Through the same man-on-the-street campaign style that saw him defeat Coastside activist and Republican Party-backed Oscar Braun — for whom he now works —in the primary with 12,200 votes to Braun’s 9,000, Skipakevich hopes to take a seat in Sacramento.
Currently, he’s visiting various city councils, community organizations and high school principals to increase his name recognition in the district on top of the community service work he already does.
He’s also developing a 90-second advertisement that he’ll post on his MySpace and YouTube pages. In the coming months, he’ll try and produce such an ad every week.

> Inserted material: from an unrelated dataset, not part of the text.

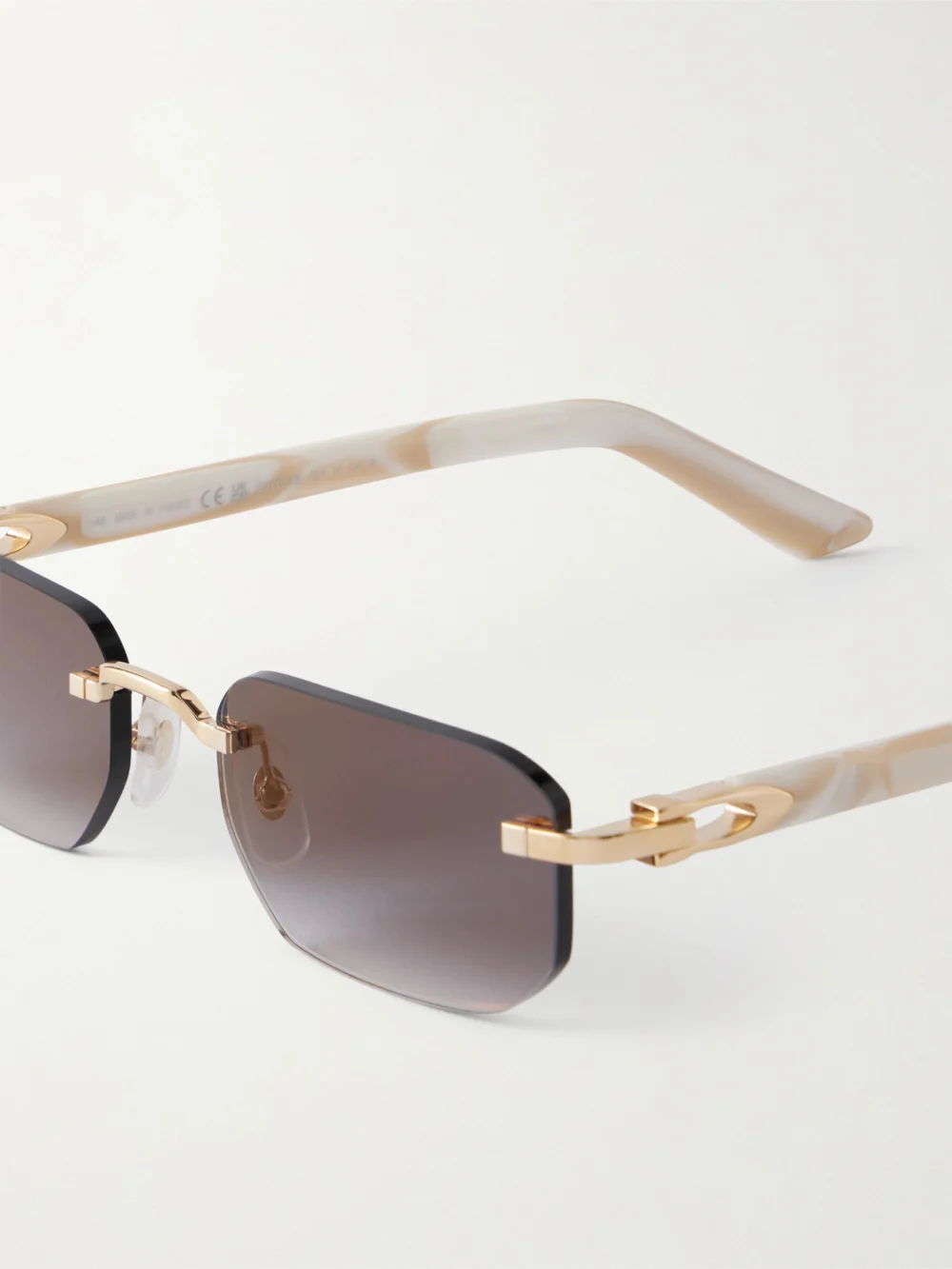 Close-up detail of the Cartier Eyewear Signature C Rimless Rectangular-frame Gold-tone and Acetate Sunglasses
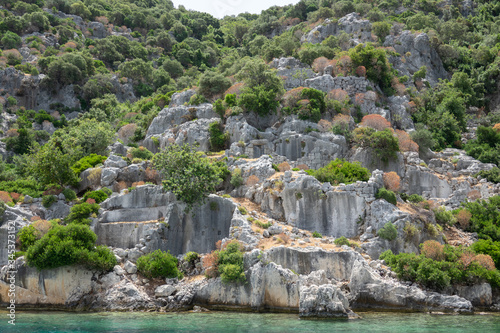 Ruins of sunken ancient city of Dolichiste on the northern part of the Kekova Island. Devastating earthquake in the 2nd century AD photo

“I work with what I have and I use that to my utmost,” said Skipakevich, dressed in a blue pinstripe suit and sporting French cuffs.
Born Jan. 10, 1988 — roughly around the time Yee’s political career began — he is the younger of two brothers. Fluent in Ukrainian, Polish and Japanese, he has not graduated high school but took the California High School Proficiency Exam early because “I knew what I wanted to do,” he said.
He has taken classes with a focus on political science at the City College of San Francisco, but his main concern right now is defeating Yee.
“My responsibility is to represent the people who nominated me in the June primary,” said the current director of marketing for the online media company, Oscar Knows, Inc. “Politicians have forgotten what their job is and their job is to listen to the people and represent them.”
He stands for the traditional values of the Grand Old Party, such as not raising taxes, believing that the more money people keep in their own pockets the better. He also trumpeted childhood education, specifically that of educating youngsters about sexual predators and what to do when harassed.
But when a candidate’s resume includes his election as student body vice president in the fourth grade, the question of “Why run for state Senate?” has to be asked. Skipakevich answers by saying matter-of-factly that he’s a concerned citizen and there’s an open seat.
“I’m not here to advance my political career. I’m here to represent these people,” he said.